The SQL INSERT keyword provides a simple mechanism for inserting new rows of data into the database. For example, assuming the megaliths table is already present in the database and and contains the six columns shown earlier in Figure 3.1, a single row of data can be inserted into it using the following SQL statement:

INSERT INTO megaliths VALUES ( 0, 'Callanish I', 
                               '"Stonehenge of the North"',
                               'Western Isles',
                               'NB 213 330', 1 )

If you then SELECT back all the rows in the table, you should be able to see the row that has just been inserted.

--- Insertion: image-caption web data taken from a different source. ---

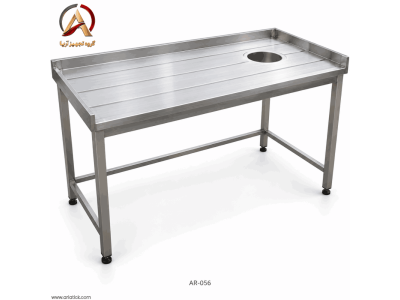 میز برنج و حبوبات پاک کنی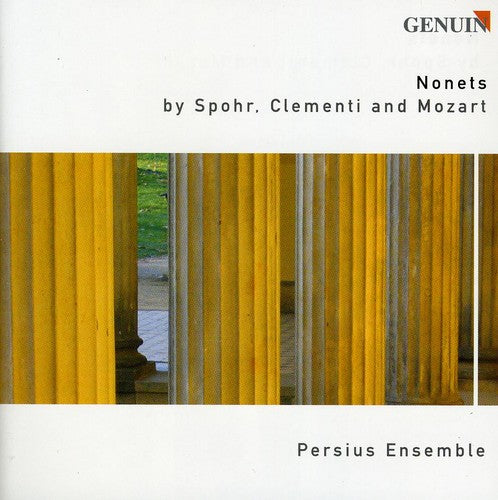 Persius Ensemble - Nonets [CD]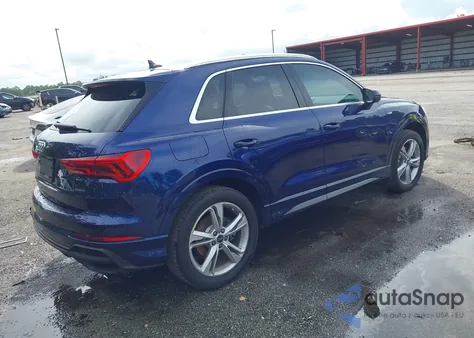 2023 Audi Q3 Premium Plus 45 Tfsi S Line Quattro Tiptronic z USA, uszkodzony, nr VIN WA1EECF33P1038217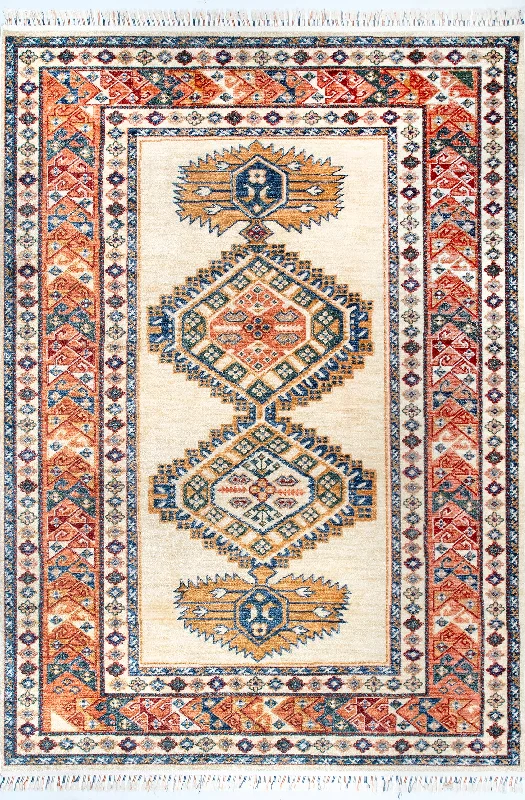 Honor Medallion Rug | Multicolor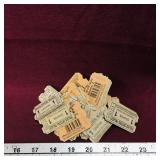 Large Lot Of Crystal Palace Coupon Tickets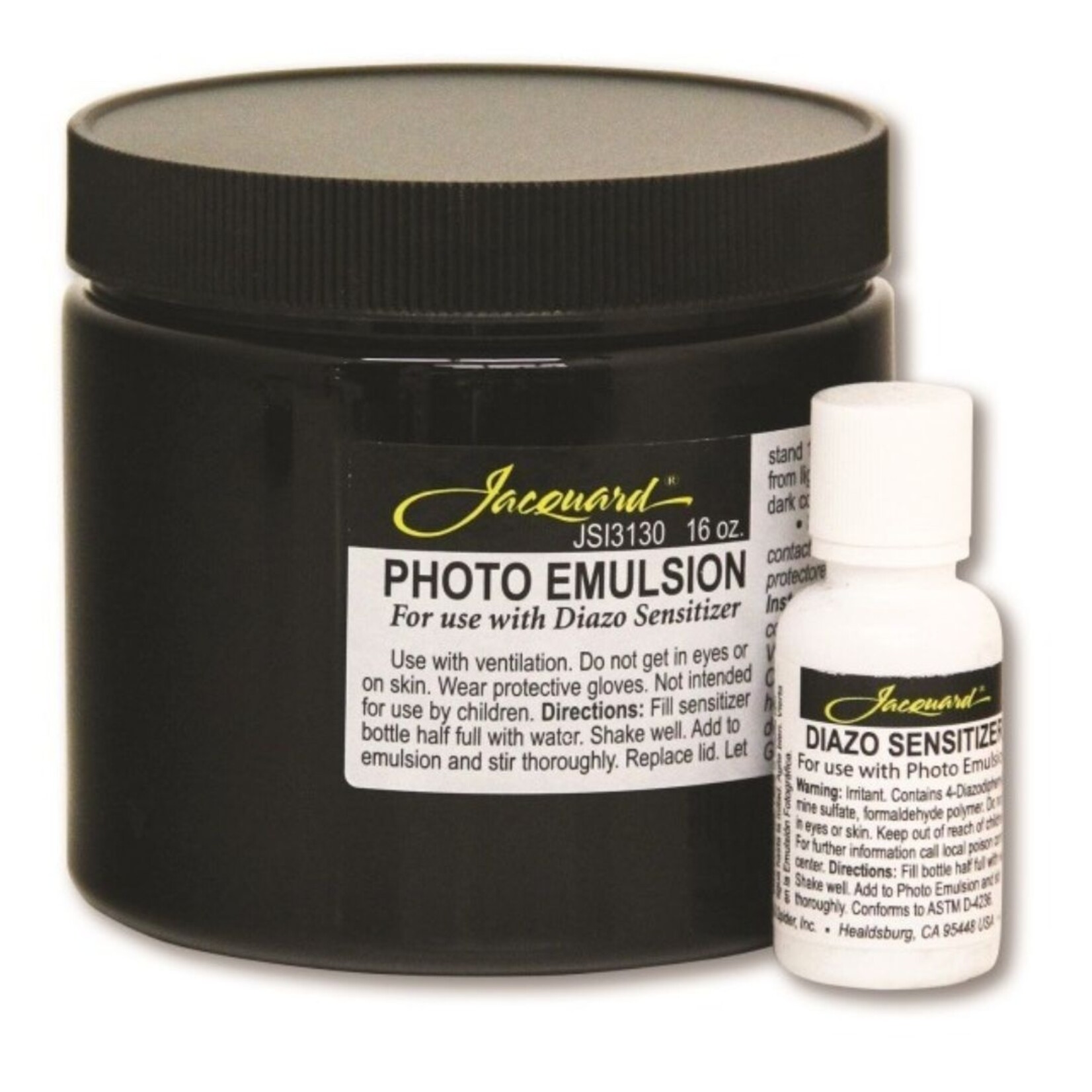 JACQUARD JACQUARD PHOTO EMULSION AND DIAZO SENSITIZER 16OZ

Just as the SELECT statement could specify which columns from a table should be returned in the query, it is also possible (and good practice) to specify into which columns of the table the values should be inserted. The unspecified columns will take the default value, typically NULL. For example, if you wished to specify only the id and name columns of the table, allowing description and location to be NULL, the SQL statement would be:

INSERT INTO megaliths ( id, name ) VALUES ( 0, 'Callanish I' )

There must be an exact mapping between the number of columns and column values specified in the SQL statement. It is also essential to make sure that the datatypes of the supplied values and the corresponding columns match.

One of the more sneaky uses for the INSERT keyword is to transfer data from one table or column to another in one easy operation. This seems to fly in the face of our previous assertion that only one row can be inserted with each INSERT statement, but in fact, follows the rules correctly (in an underhand manner).

For example, if we wanted to make a quick copy of the megaliths table into a new table called megaliths_copy, the following SQL statement can be used:

INSERT INTO megaliths_copy
    SELECT *
    FROM megaliths

This process inserts each row returned from the SELECT statement into the new table, row by row, until an exact copy is created. This feature of INSERT is extremely useful for making quick copies of tables if you need to do some destructive maintenance work on the original, such as pruning redundant data. For this SQL to work, the original table and destination table must have an identical structure.

You can further refine this operation by specifying conditions that the rows to be transferred must meet before being inserted. For example, to copy across only the rows of data for megaliths located in Wiltshire:

INSERT INTO megaliths_copy
    SELECT *
    FROM megaliths
    WHERE location LIKE '%Wiltshire%'

Furthermore, you can make extracts of data from tables into new tables by explicitly specifying the targeted columns in the new table. This is useful when building large denormalized tables for use within a data warehouse. Therefore, if we had a table called megalocations that contained two columns called name and location, we could populate this new table from the megaliths table in the following way:

INSERT INTO megalocations
    SELECT name, location
    FROM megaliths

Or, we can even select data from multiple tables for inserting. A denormalized table containing the rows coalesced from the megaliths and media tables might contain two columns, name and url. Populating this table with an INSERT statement is easy:

INSERT INTO megamedia
    SELECT name, url
    FROM megaliths, media
    WHERE megaliths.id = media.megaliths_id

However, in general, table population via INSERT statements is usually performed by batch-loading programs that generate suitable SQL statements and execute them within the database, such as Oracle’s SQL*Loader. Of course, Perl is a good example of a programming language that makes loading data from a file remarkably easy via the DBI.



[28] Well, this is not strictly true these days, as database servers get smarter. Oracle, for example, allows inserts into equi-join views and also supports “INSTEAD OF” triggers that make just about anything possible.